He cleverly balances vulnerability with muscle-bound action as a US Army officer who, thanks to advanced technology, has been implanted in the fading memories of a dying man to investigate a terrorist bombing.
When we first meet Captain Colter Stevens he’s inhabiting the body of a teacher on a Chicago commuter train.
Unknown to him, he’s on a mission to identify the perpetrator of the attack about to take the lives of everyone on board.
The story’s fascinating premise draws us in and the whodunnit aspects keep us hooked. And although the holes in the plot become rather more obvious after the final credits roll, it’s an enjoyable slice of suspense while everything is unfolding.
Gyllenhaal’s fellow passenger Michelle Monaghan and his sinister military handlers Jeffrey Wright and Vera Farmiga provide solid support.
> Bewildering fantasy adventure SUCKER PUNCH (12: Warner) sees a young woman committed to a creepy asylum by her abusive stepfather to undergo a lobotomy.
Babydoll (Emily Browning) tries to block out the horrors by imagining the institution as a sleazy bordello where she and other young girls (Abbie Cornish, Jena Malone and Vanessa Hudgens) are forced to dance for seedy patrons.
Deeper in her troubled mind she acts out battles against dragons, robot Nazis and sword-wielding giant samurais in search of the prizes that will secure her escape.
Writer/director Zack Snyder employs the arresting visuals of his earlier films (300, Watchmen), but at the expense of a coherent narrative the lines between real life and Babydoll’s dream worlds are blurred to the point of confusion.
The over-the-top action sequences are memorable, although the sight of scantily clad women in balletically choreographed fisticuffs has the air of a heavy metal rock video.
> Sweet-natured coming-of-age movie SUBMARINE (15: Optimum) reminded me very much of the excellent The Squid And The Whale.

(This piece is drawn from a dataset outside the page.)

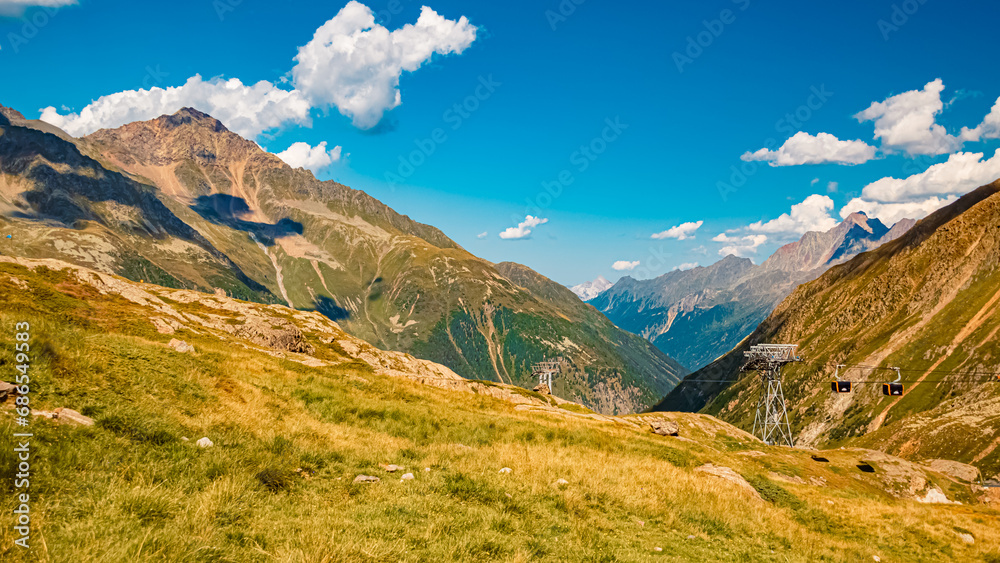 Alpine summer view near Dresdnerhuette, Mutterbergalm, Stubaital valley, Innsbruck, Tyrol, Austria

And there’s more than a touch of Adrian Mole about the self-obsessed but likeable central character, 15-year-old Oliver Tate (Craig Roberts).
The film charts Oliver’s first love affair and the troubled marriage of his middle-class parents, superbly played by Sally Hawkins and Noah Taylor.
The couple’s relationship is heading down the tubes following the arrival of old flame Graham (Paddy Considine), a mullet-sporting new ager.
Richard Ayoade, best known to TV audiences as Moss from Channel 4’s The IT Crowd, makes a confident feature debut, particularly his sympathetic handling of character.
He generates a real warmth for Oliver and his travails where a lesser director might have resorted to cheap laughs at the love-struck teen’s expense.
> A Roman commander ventures into the wilds beyond Hadrian’s Wall to clear his family name in historical drama THE EAGLE (12: Universal).
Yet while there’s plenty of grit and craft on display from the tale’s opening skirmish onwards, somehow the result is never quite as rousing as you’d hope.
In this adaptation of Rosemary Sutcliff’s 1954 novel The Eagle Of The Ninth, Channing Tatum brings plenty of brawn and brooding to the key part of Marcus Aquila.
His posting to the Empire’s furthest reaches presents him with an opportunity to reclaim the ceremonial eagle lost when his father marched a legion into unconquered Caledonia, never to return.
It’s an intriguing set-up and the film delivers a convincingly rugged portrait of 2nd Century life, including windswept landscapes and the hairy, scary Picts inhabiting them.
Less persuasive is the contrived central relationship between Tatum’s Roman officer and the freed slave (Jamie Bell) he takes along on his mission.
> Dwayne Johnson, the artist formerly known as ‘The Rock’, deserves so much better than revenge thriller FASTER (15: Sony).
He’s cast as a bank robber on a mission after being released from prison.
His motivation is revealed in the course of the proceedings, but, to cut a not-very-long story even shorter, if you’re on his list of names, you’re dead.
That’s unless burnt-out cop Billy Bob Thornton or perfectionist assassin Oliver Jackson-Cohen can stop him in his tracks.
The imposing Johnson has appeared in a string of family-oriented pictures, but he’s still capable of playing it mean and determined.
The impetus is lost when the film starts taking itself too seriously, with director George Tillman thinking he has something important to say about forgiveness and redemption.
Thornton is coasting as the hangdog detective and Faster relies too much on a final twist that most viewers will spot coming a mile off.